The number of terrorist attacks across the world may have decreased, but the corrosive ideologies that drive international terrorism continue to gain traction from Somalia to the southern Philippines. And the focus of this ideological brainwashing is increasingly directed towards children. In Indonesia, the radical Islamist Hizb ut-Tahrir is focusing its attention on schools, providing reading materials and instruction to teenagers advocating the overthrow of secular democracy and the introduction of Islamic law and a caliphate.


Yes, but um, surely we can give car drivers a little break? After all, they're only doing what comes naturally in the killing fields. Running over a lycra clad lout on the roads or a school kid is just all part of the risk of a domestic drive amongst fellow terrorists.
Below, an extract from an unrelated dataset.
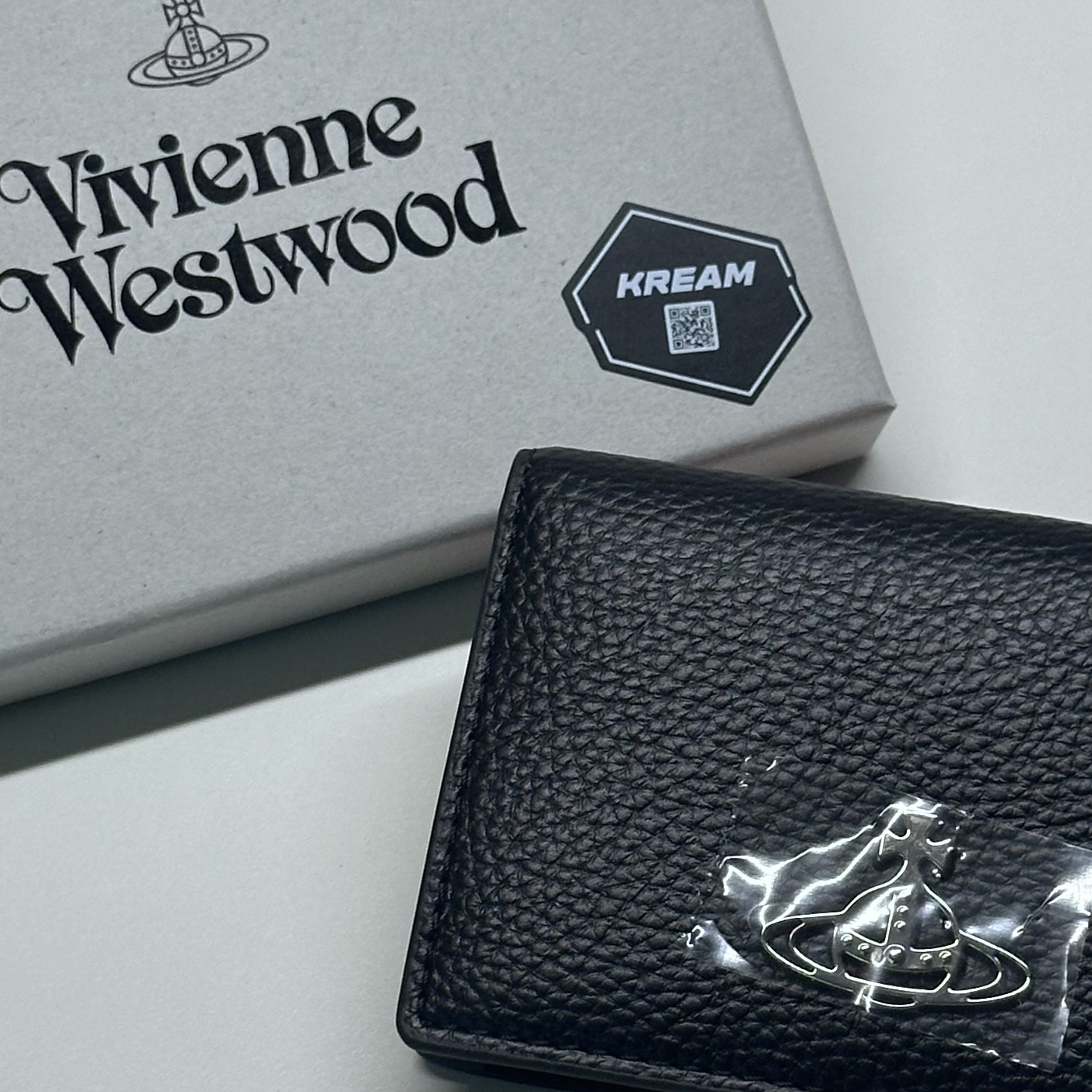 Vivienne Westwood Synthetic Card Holder Black 착용 스타일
I keed, I keed, I'm seriously totally alarmed by car drivers and their corrosive intractable behavior, the result of ideological brainwashing of the worst kind, and nothing to do with the nature of the soil into which the seeds are thrown.

Sure you might think the Philippines and Somalia and such like places have difficult and intractable problems, to do with poverty and exclusion and prejudice, but let's start a cultural war to deal with the problem.
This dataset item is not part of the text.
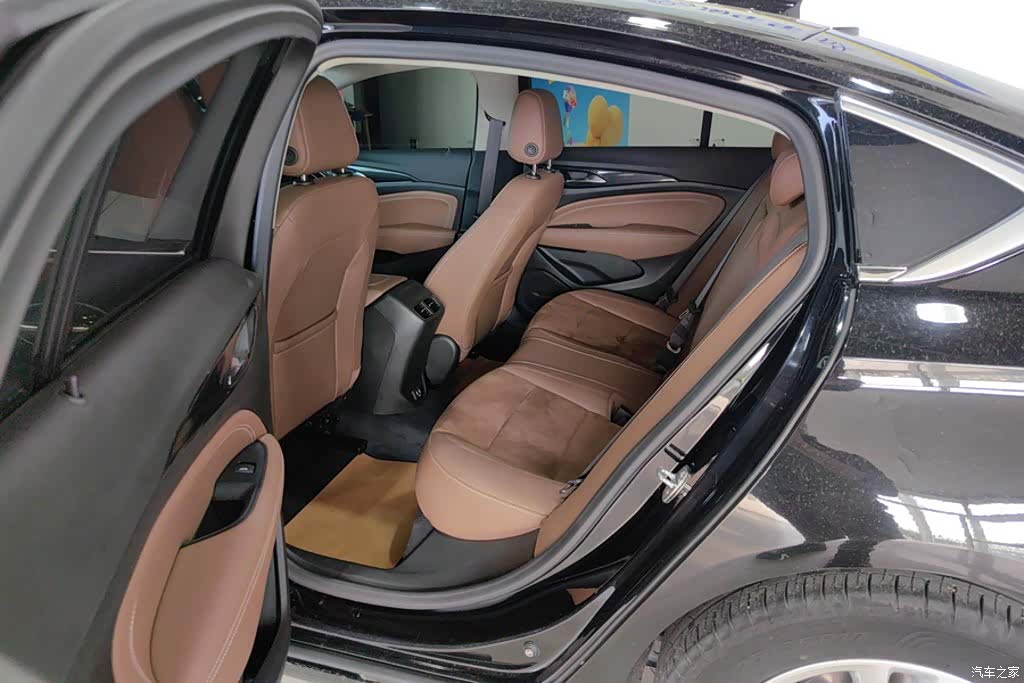 Buick Regal, 2023 11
Oh dear, now you're going to ask exactly how Australian funding going to help settle and sort terrorism in those countries? Are we going to enter into a nineteen fifties style culture war that will see us set up alternative propaganda units - you know, in much the same way as the Americans tried in Vietnam, and then ended up in a wondrous war on communism, which didn't stop the dominoes from falling so much as throwing the whole damn game in the air, then watching as it came down broken.

Wait, I know, I'm still not feeling sufficiently alarmed yet, what I need is some fear mongering about the intertubes:

Although such organisations stop short of promoting violence, the radicalising link between propaganda and terrorism has been well-established.

As internet coverage expands, so too does the extremist message. Hizb ut-Tahrir Indonesia runs a sophisticated website that rivals global news organisations. Teenagers are the greatest users of the internet, and interactive social networking websites provide terrorist groups with new opportunities to recruit and radicalise.


Um, okay, but how about we flood the intertubes with pornography, so teenagers get new opportunities to be recruited and radicalised into sensuous sexuality? Oh wait, we've done that, and it's working ... but what's this, the bloody commentariat columnists want to filter the intertubes, by deploying the dead hand of Senator Conroy and his minions to ban content?

Well I guess we can filter the intertubes, and ban the religious radicals and drive them underground, and then we can really get that war going.

It is no surprise the terrorist organisation in Somalia is called al-Shabaab (the youth).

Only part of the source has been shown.